SACRAMENTO — How great is California? Well, if it broke off from the United States and became its own country, it would be the “sixth-largest economy” in the world, as the oft-repeated phrase goes.
The description has become ubiquitous, championed so often by politicians and reporters that it has become boilerplate for describing the state’s buoyant economy. Most recently, Gov. Arnold Schwarzenegger used it in his state of the state address to make a case for comparing California to ancient Greece — a modern-day “nation-state.”
“California has the ideas of Athens and the power of Sparta,” Schwarzenegger said during Tuesday’s address. “As you know, California, if a nation, would be the sixth-largest economy in the world.”
If only it were true.
California’s economy no longer ranks No. 6, but rather is the eighth-largest economy in the world.
The state, with about 37 million residents, ranks behind the United States, Japan, Germany, China, the United Kingdom, France and Italy, according to U.S. Commerce Department and World Bank figures. Spain and Canada complete the top 10.

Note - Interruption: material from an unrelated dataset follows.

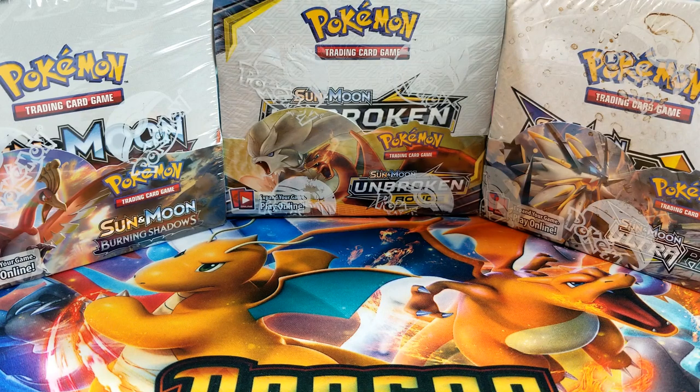Hey, what's up everybody, welcome back to another Pokemon video. Today I have a huge opening — I'm going to open up three booster boxes. All three booster boxes, so it's going to be quite a long video. Hope you guys are ready to see some awesome pulls, hopefully.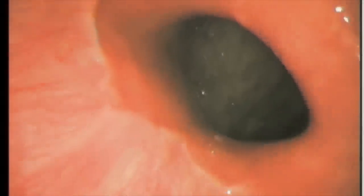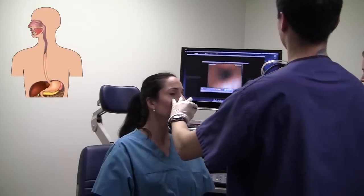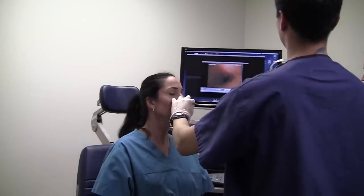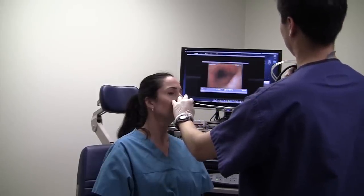Here we can see a clear border separating the esophagus from the stomach. At this point, the scope is gently withdrawn.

No California official has bothered to correct the figure’s public use. Schwarzenegger, it turns out, has never even governed the sixth-largest economy.
The state ranked seventh when he was elected during the 2003 recall election, having just slipped behind France and Italy in gross domestic product, according to the World Bank and California finance officials, who annually rank the state’s economy based on figures provided by the Commerce Department.
California last ranked sixth in 1999.